* Work to complete
Transcribe all of the data exactly, leaving nothing out.

* Supplied information
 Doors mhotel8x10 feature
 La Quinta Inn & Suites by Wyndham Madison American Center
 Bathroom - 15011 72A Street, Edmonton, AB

* Task answer
 Doors mhotel8x10 feature
 La Quinta Inn & Suites by Wyndham Madison American Center
 Bathroom - 15011 72A Street, Edmonton, AB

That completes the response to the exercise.